As the conflict approached, the people of Britain absorbed the idea that the Air Force would play the dominant role in the coming struggle, as the guarantors of their survival and the agents of eventual victory. On 1 October 1938, the first issue of the weekly news magazine Picture Post appeared. It was lively, outspoken, thoroughly modern in outlook and almost immediately won a big circulation and considerable political influence. The second issue carried a long article entitled simply ‘The RAF’, part of a series intended to shed light on ‘our great national institutions’.9 It was written by Nigel Tangye, a young journalist-about-town who was also a pilot and officer in the RAF reserve. Tangye had good connections with the Air Ministry and it would have been surprising if he had not checked with them before making the momentous claim that ‘the RAF holds today a position of importance higher than the Army or Royal Navy’. The duties of the Air Force of protecting the national territory, preserving vital sea trade routes, defending the empire and lending aid to allies amounted to ‘everything which for hundreds of years has been the function of the Royal Navy’.

Publicity frequently stressed its ‘democratic’ nature, compared to the other services. ‘Officers and men in the Royal Air Force share a common spirit which is unknown either in the Army or the Navy,’ wrote Tangye. ‘So much of the Navy’s time is spent in scrubbing decks, so much of the Army’s in massed drilling. But the Air Force Machines have to fly every day, and the crews of each are bent on keeping them in tip-top condition.’

It was never presented as a classless organization. That would have been too much to claim in a society which, though lines were blurring, was still strictly defined by birth, money, education, accent and manners. It did, however, seem something like a meritocracy in which the near-revolutionary notion that competence was more important than background had taken hold.

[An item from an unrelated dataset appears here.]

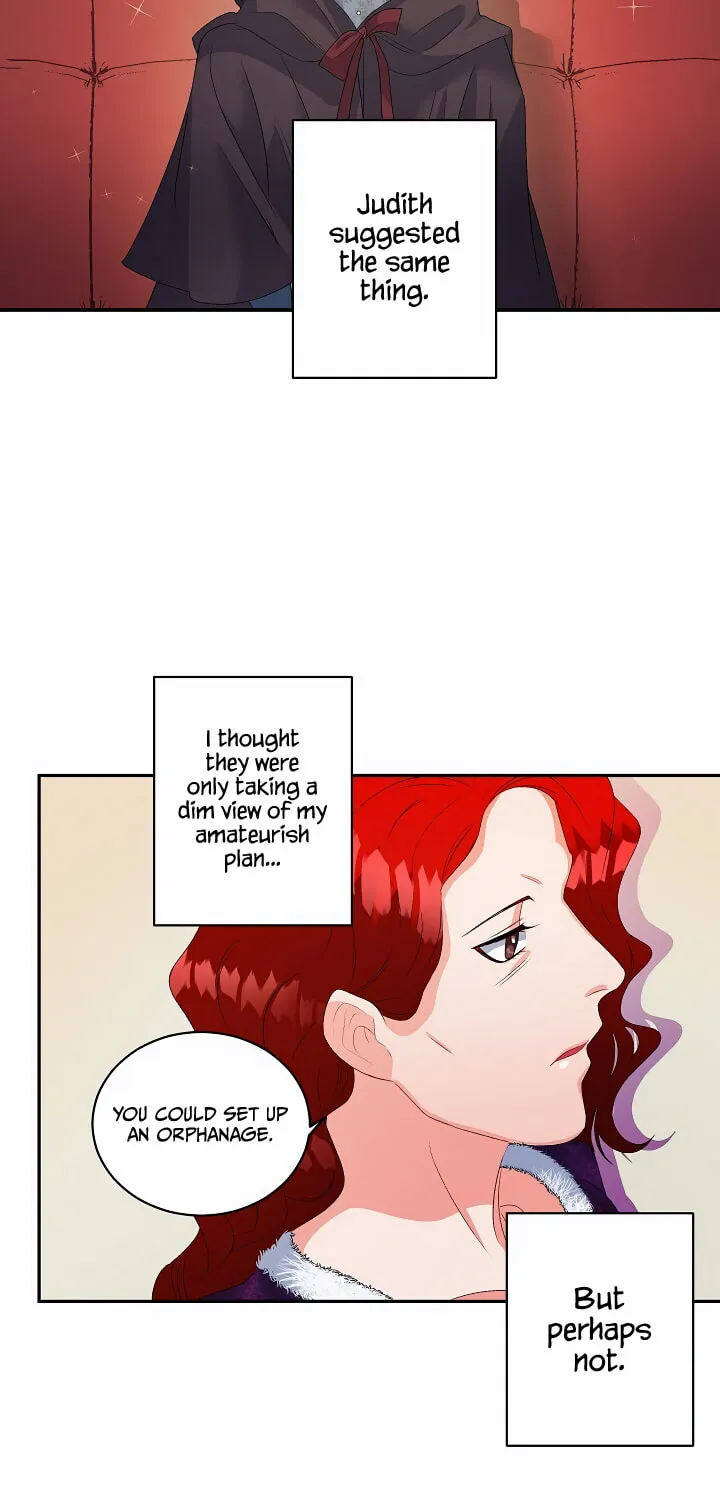 Read Lady Evony chapter 60 image 52 on Lezhin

The Air Force needed a large cadre of expert tradesmen to keep it flying. They came, largely, from the lower-middle and upper-working classes, and the educational gap between other ranks and officers was consequently narrower than in the Army and Navy. The need for aircrew opened the door to the officers’ mess to young men who would never have passed muster in the 1920s and 1930s.

The literary types sent in the early years of the war by the Air Ministry on fact-finding tours of bases to gather propaganda material were struck by the varied origins of the officers they encountered. The Oxford don Lord David Cecil noted after a visit to a bomber station in 1941 how ‘compared with the Army or Navy the men of the RAF seem very diverse … very varied … drawing its members from every sort of rank and profession’.10 Sitting down to dinner in the mess he found on one side of him ‘a boy fresh from a public school; on the other side a bank clerk; opposite, a New Zealander, next to him a garage worker, next to him a law student’.

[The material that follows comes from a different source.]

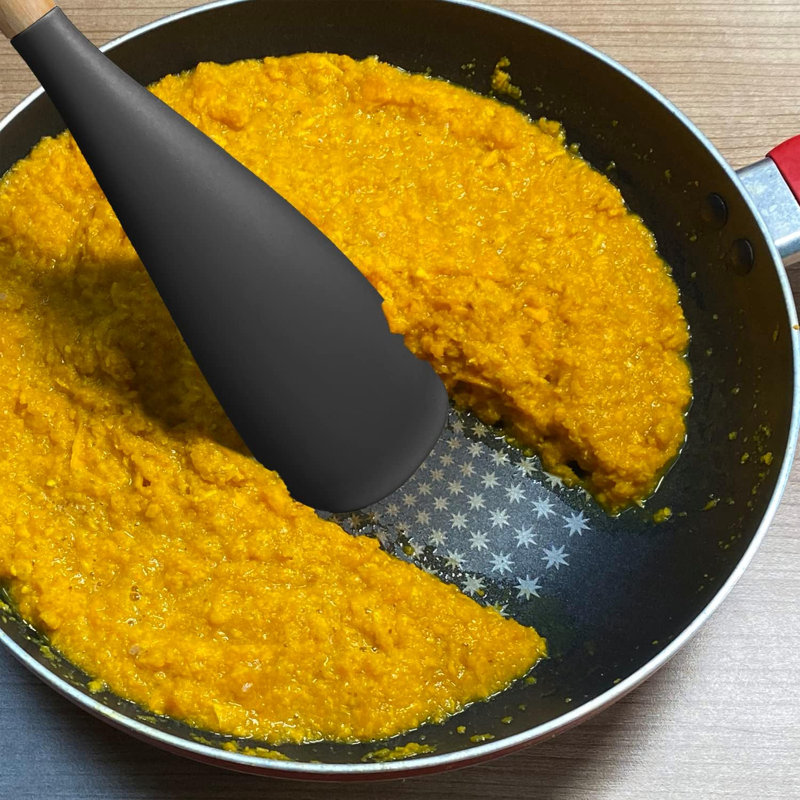 Cooking Spoon for Nonstick Cookingwares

The service was too young, he concluded, to have ‘evolved a traditional type’ to which all must conform: ‘Their upper lips are not too stiff. On the whole their manners tend to be expansive. There is often a touch of jaunty flamboyance in the way they walk and speak and wear their uniforms, with an elegant identification bracelet glinting on the wrist.’

Air Force style was in bright contrast to the dowdiness of the other services. As a boy watching the build-up to D-Day around his home in the West Country the military historian John Keegan was disappointed that the British soldiers he saw ‘wore khaki from top to toe … so ill-cut, shapeless and hairy that I could find almost nothing in its wearers to admire’.11 When the Americans arrived he and his school friends were amazed at ‘how different they looked from our own jumble-sale champions, beautifully clothed in smooth khaki …’ They were even more impressed by the ‘number, size and elegance of the vehicles in which they paraded about the countryside in stately convoy’, so unlike the ‘sad collection of underpowered makeshifts, whose dun paint flaked from their tin pot bodywork’ that the Army had to make do with.

No one had to feel sorry for the RAF. The aircrew could equal their Yank counterparts in swank and dash and even the earthbound ‘erk’ had the edge over his ‘brown job’ and matelot comrades. Their uniform may have been of serge but they wore a collar and tie to go to work and their hair, curling from under their distinctive two-button side caps at a length that would have given a sergeant-major apoplexy, was as like as not gleaming with Brylcreem.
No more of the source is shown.